Folkies will recognize how Ramblin' Jack Elliott becomes Al Cody (Adam Driver), the Clancy Brothers and Tommy Makem become unnamed Irish singers. Davis is modeled on Dave Van Ronk whose posthumous memoir was an inspiration for the film.

Chatting with the Gaslight’s manager after his song Davis is informed that a guy wants to meet him in the alley. It results in a beating and we haven’t a clue why until the scene and its circumstances are later revisited. By then we agree that Davis, a jerk and loser, got what he deserved.

Mostly musicians at the clubs, other than headliners, got their share of passing the hat. That meant that Davis was chronically broke looking to crash on couches. Since that’s for a night or two he thumbs through a well worn address and phone book. He has a surly pattern of burning bridges.

Jean (Carey Mulligan) an aspiring singer and twist of his best friend Jim (Justin Timberlake) is pissed off and won’t let him in. She has good reasons. It seems he has been shagging her behind Jim’s back and now she’s preggers. He doesn’t have the scratch to pay for an abortion. Reluctantly she gives him the floor while a folkie solider (Tom Paxton?) passing through gets the couch.

We watch the straight soldier perform as well as an ersatz Irish trio. Asked what he thinks of them by the club manager Davis mutters “nice (Aran) sweaters.”

There is a bit about a cat. It got into the hall after Davis locked himself out after a sleep over. He has to carry it around town until he can return it. The cat again gets away and that ends up as a running gag.

At least it seems Llewyn is nice to animals.

Running out of couches his last resort is an uptown academic/ liberal couple. They welcome him warmly and insist that he join them and guests for dinner. He is asked to sing for his supper. That turns ugly when she sings along on what was a chorus with his dead partner.

There is an explosion in which he states that he’s not some amateur, like them, and that “I do this for a living.”

Hitting rock bottom Jim hires him as back up for a studio session. It’s a trio gig for a novelty song “Please Mr. Kennedy.” Hilariously it’s so bad it’s good, one of the highlights of the film, and a candidate for “best song” during awards season.

Given the options of royalties, long term, or $300 for the session, Llewyn takes the cash. The song turns out to be a hit.

The plot point is that he now has the money to pay for an abortion. The doctor surprises him by stating that he doesn’t owe anything this time. His ex, who he stopped seeing, opted to have the baby. She and his child are out there somewhere.

There is something about trying to find her while passing through Ohio. That results in a non sequitur car wreck. Then a kind of dead end visit to his sister. There is plot spin about his father a former merchant marine. He visits his estranged dad for an uncommunicative, sad encounter in the hospital.

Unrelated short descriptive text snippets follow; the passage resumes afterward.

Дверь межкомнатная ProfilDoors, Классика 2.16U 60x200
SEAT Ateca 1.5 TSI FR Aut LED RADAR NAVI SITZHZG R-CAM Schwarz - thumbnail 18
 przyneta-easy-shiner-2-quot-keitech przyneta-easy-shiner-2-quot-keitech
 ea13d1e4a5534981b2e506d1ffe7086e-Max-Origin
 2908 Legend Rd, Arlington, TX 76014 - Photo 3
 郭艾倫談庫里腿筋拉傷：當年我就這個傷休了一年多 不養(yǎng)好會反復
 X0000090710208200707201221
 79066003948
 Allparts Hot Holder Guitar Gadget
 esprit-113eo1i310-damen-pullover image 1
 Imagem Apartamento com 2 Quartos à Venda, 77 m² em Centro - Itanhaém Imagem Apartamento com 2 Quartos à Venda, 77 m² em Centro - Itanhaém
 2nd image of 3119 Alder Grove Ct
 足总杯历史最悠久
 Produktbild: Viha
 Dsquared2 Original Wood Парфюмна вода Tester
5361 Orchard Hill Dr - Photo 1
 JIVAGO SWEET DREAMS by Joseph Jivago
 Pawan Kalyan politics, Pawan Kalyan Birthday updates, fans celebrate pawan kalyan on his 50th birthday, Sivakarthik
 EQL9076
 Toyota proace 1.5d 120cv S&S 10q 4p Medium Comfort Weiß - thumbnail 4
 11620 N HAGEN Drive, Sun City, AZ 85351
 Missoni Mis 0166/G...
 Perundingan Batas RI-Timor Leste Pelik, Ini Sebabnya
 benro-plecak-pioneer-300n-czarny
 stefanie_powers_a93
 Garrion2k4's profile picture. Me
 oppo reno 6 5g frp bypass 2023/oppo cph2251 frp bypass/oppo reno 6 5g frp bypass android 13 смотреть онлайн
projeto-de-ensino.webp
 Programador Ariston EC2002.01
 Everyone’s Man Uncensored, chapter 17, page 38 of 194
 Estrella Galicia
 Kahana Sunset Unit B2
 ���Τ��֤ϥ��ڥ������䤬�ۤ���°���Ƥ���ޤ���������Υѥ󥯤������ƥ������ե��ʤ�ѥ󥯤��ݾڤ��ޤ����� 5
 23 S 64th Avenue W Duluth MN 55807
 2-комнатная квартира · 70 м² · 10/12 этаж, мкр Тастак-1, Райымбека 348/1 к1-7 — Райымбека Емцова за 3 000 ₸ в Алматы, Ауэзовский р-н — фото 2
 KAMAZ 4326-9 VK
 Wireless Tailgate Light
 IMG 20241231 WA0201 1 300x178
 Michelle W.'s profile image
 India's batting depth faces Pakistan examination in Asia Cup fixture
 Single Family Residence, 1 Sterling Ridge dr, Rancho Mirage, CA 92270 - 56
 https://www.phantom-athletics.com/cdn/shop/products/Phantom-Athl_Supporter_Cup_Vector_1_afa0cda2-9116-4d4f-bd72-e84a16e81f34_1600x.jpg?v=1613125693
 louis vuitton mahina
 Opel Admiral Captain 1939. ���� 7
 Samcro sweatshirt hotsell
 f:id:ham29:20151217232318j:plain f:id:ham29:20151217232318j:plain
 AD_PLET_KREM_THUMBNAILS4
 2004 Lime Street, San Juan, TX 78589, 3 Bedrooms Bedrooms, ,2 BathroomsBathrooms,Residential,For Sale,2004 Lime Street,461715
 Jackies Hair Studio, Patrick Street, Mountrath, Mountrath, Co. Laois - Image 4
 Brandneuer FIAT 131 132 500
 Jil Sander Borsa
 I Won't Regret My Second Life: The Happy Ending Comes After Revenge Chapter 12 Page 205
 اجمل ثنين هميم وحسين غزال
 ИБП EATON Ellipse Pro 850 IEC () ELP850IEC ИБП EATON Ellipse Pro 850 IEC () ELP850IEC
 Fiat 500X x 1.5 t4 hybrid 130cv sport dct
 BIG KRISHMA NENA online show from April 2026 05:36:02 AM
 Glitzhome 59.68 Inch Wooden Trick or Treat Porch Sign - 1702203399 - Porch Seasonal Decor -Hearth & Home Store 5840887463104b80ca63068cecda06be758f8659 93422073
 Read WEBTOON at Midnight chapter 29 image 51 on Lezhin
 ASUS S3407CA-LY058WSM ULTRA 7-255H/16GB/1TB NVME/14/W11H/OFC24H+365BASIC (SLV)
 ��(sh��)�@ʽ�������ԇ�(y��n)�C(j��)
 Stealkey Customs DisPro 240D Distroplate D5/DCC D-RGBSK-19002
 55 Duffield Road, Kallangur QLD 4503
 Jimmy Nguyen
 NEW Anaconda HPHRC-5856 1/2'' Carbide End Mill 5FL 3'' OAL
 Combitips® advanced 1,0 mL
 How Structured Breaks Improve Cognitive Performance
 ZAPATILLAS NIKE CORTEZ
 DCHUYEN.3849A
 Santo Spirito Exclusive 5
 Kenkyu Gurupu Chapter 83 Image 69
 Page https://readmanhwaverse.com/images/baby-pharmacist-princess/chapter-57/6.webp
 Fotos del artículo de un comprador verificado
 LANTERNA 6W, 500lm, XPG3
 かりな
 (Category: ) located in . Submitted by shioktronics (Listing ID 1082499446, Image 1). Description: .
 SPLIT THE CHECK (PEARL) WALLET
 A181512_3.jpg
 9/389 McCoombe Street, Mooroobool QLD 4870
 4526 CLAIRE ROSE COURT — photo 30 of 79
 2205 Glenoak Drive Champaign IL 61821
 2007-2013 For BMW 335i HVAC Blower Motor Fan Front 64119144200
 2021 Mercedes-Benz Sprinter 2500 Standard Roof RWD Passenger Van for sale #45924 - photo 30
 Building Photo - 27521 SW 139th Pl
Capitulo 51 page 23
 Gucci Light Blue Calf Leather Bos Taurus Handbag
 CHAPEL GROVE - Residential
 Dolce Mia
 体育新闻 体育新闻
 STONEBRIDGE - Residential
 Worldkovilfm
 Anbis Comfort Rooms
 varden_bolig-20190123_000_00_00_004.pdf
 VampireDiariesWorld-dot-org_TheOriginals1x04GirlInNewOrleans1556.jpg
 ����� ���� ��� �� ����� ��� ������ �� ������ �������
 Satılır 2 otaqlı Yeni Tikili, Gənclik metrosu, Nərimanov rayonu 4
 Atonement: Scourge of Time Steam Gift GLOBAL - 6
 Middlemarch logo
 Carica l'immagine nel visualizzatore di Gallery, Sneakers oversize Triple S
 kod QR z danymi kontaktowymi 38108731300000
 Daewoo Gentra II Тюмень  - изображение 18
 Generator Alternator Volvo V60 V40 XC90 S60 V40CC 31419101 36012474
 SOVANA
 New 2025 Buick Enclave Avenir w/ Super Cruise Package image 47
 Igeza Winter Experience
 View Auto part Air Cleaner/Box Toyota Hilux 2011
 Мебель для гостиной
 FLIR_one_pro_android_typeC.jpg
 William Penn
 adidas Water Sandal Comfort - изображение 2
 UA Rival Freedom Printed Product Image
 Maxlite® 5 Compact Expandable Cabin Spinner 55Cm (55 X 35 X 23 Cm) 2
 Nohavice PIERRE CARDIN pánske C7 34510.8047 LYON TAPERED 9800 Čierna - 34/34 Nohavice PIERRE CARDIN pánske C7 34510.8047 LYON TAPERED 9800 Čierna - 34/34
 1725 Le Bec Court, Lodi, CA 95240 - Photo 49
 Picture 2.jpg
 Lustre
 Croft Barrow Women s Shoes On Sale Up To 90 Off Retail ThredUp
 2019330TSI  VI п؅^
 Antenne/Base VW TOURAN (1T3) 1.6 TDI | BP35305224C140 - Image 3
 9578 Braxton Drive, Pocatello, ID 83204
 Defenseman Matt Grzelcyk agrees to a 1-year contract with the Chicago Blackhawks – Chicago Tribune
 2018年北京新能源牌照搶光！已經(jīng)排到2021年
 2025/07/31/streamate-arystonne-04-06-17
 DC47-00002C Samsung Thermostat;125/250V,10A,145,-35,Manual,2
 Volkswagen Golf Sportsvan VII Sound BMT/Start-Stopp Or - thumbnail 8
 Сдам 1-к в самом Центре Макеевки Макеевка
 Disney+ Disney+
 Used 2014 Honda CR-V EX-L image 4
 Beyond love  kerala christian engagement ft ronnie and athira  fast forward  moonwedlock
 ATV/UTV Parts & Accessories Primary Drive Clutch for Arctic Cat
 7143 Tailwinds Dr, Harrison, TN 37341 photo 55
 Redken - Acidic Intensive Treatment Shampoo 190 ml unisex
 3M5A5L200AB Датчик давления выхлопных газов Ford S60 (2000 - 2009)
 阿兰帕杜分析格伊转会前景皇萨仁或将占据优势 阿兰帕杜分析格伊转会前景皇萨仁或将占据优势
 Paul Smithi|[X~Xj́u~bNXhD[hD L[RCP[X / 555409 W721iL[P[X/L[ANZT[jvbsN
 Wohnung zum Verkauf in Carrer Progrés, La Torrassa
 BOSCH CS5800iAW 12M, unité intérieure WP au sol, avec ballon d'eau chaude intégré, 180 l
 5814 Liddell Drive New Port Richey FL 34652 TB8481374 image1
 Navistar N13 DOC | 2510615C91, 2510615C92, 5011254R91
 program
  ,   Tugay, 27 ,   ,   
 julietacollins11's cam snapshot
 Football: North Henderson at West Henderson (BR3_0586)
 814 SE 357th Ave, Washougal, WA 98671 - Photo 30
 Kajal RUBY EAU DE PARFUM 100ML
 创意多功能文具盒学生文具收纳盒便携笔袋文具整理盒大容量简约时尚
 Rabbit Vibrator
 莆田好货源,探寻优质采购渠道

The drift is that he doesn’t want to end up like that. This leads to an admission of failure and aborted plans to ship out to sea.

Huh? The On the Road sequences just don’t fit or make sense. Kerouac the Coens are not. Trust me.

Back at the club the crude and vulgar manager constantly makes smarmy remarks about Jean. Finally he blurts out that he had sex with her. “How else do you think you get to play at the Gaslight” he asks. That leads to an explosion resulting in that beating in the alley.

This is a modest moody movie that has its moments.

But, please, pull back on the hyperbole for the Coen brothers. They make nice films.

Let’s leave it at that. Surely there will be awards nominations but it’s a crowded field this year with a lot of better films.